Il faut savoir que le professionnalisme exige beaucoup de choses, dont les outils de base qui sont les infrastructures et les terrains d'entraînement. Nous avons 32 clubs professionnels entre la Ligue 1 et la Ligue 2. Parmi ces 32 clubs, lequel a son propre stade ? Aucun. Lequel a son propre terrain ? Aucun. Lequel a son propre centre de formation ? Aucun. Comment peut-on dire d'un club qu'il est professionnel s'il n'a pas ces outils de base ? Il faut qu'on arrête de se mentir à soi-même.
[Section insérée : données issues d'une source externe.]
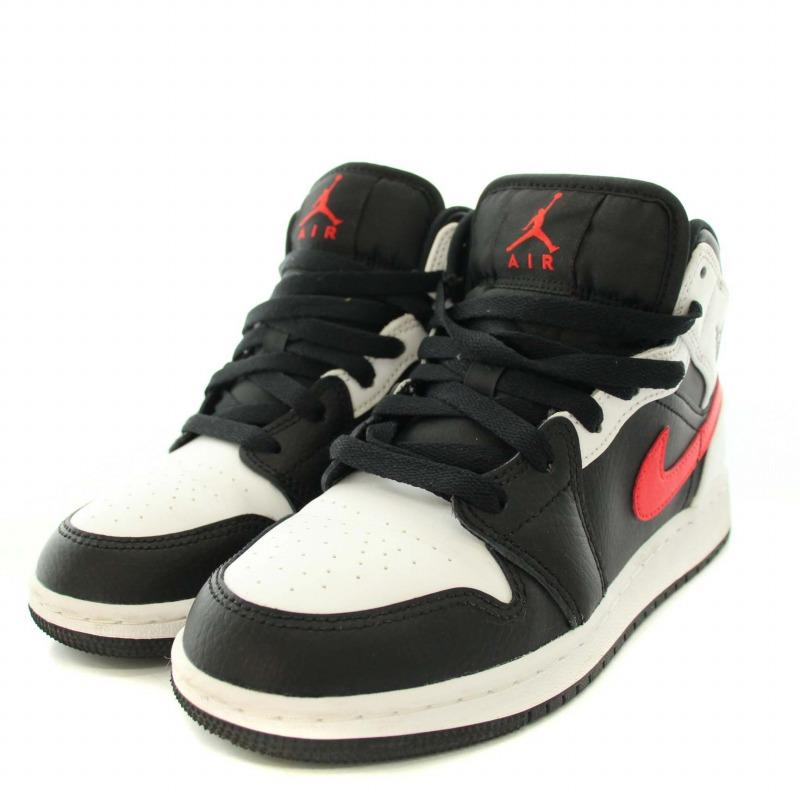 NIKE ナイキ AIR JORDAN 1 MID GS BLACK/CHILE RED/WHITE スニーカー  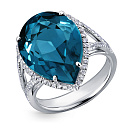 Кольцо из белого золота с бриллиантами, топазом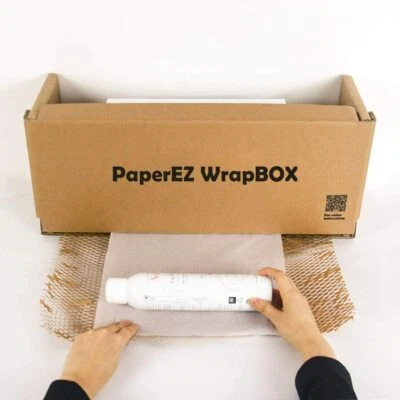 450'x14" Honeycomb Paper Roll Protective Paper Cushioning Wrap + Box Dispenser - Image 1 of 4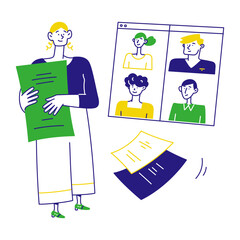 woman giving presentation to students
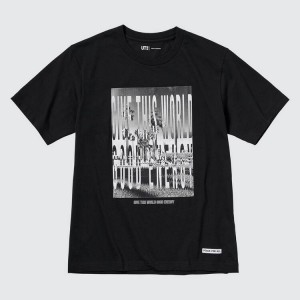 Women's Uniqlo Peace For All Ut Graphic (Kosuke Kawamura) T Shirts Black | MATS-84721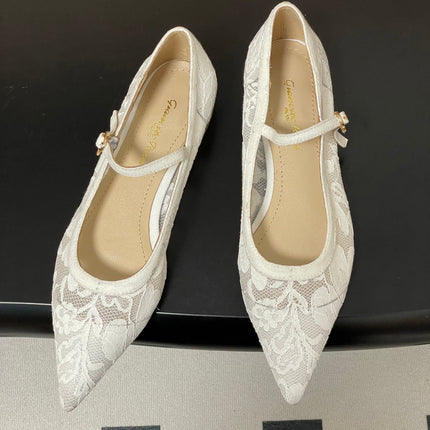 GIANVITO ROSSI 26S MARY JANE IN WHITE LACE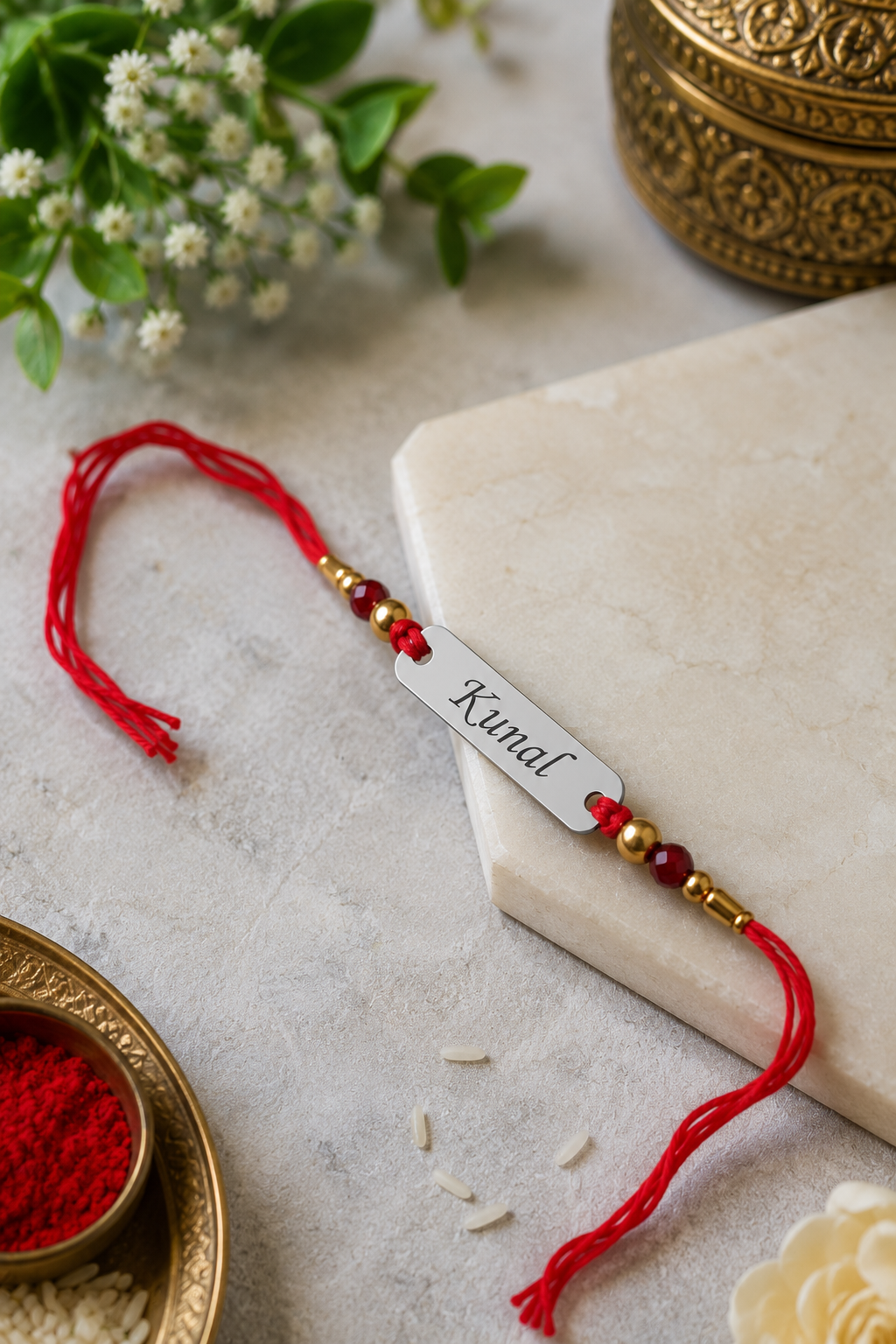 Rakhi - Red Resham - Personalized Name Rakhi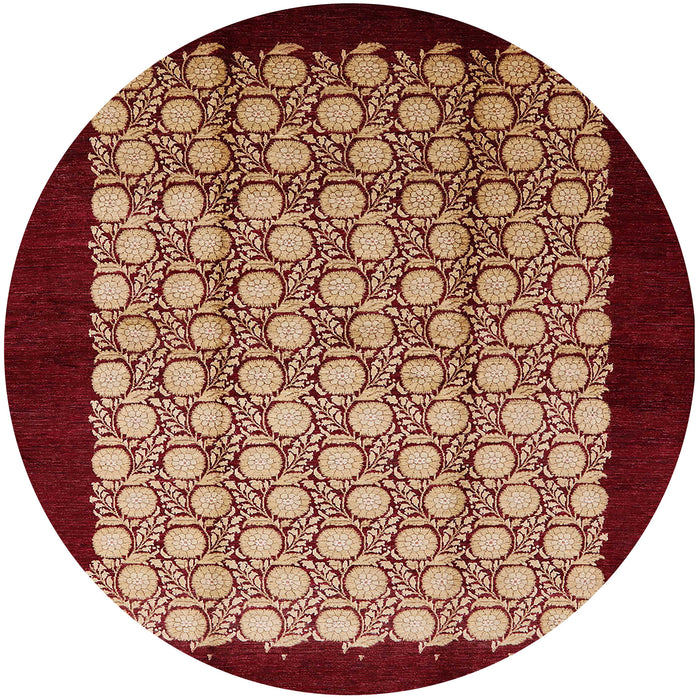 Round Mid-Century Modern Brown Sand Brown Oriental Rug, urb2889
Autre chose aussi, est-il normal qu'un club professionnel soit incapable d'assurer les salaires de ses joueurs ? D'après ce que j'entends ça et là, il y a des joueurs qui ne sont pas payés depuis six mois. Est-ce normal ? Où est le professionnalisme dans tout cela ? Je le répète, le professionnalisme en Algérie est un leurre.

Vous ne nous dites pas encore ce qu'il faut faire ?

C'est simple, il faut assainir le football national, il faut faire comme nous avions fait au temps de la réforme. Il faut une réforme profonde des structures et de l'organisation. Il faut changer de méthode en confiant nos clubs à des élites plus compétentes. Les gens qui sont en place freinent ce processus. Il est impossible de se lancer dans le professionnalisme avec des gens  qui veulent se servir du football. Moi, je l'ai toujours dit, il faut que l'état intervienne. Il est temps de mettre fin à toute cette mascarade. Il faut des décisions politiques pour assainir la situation.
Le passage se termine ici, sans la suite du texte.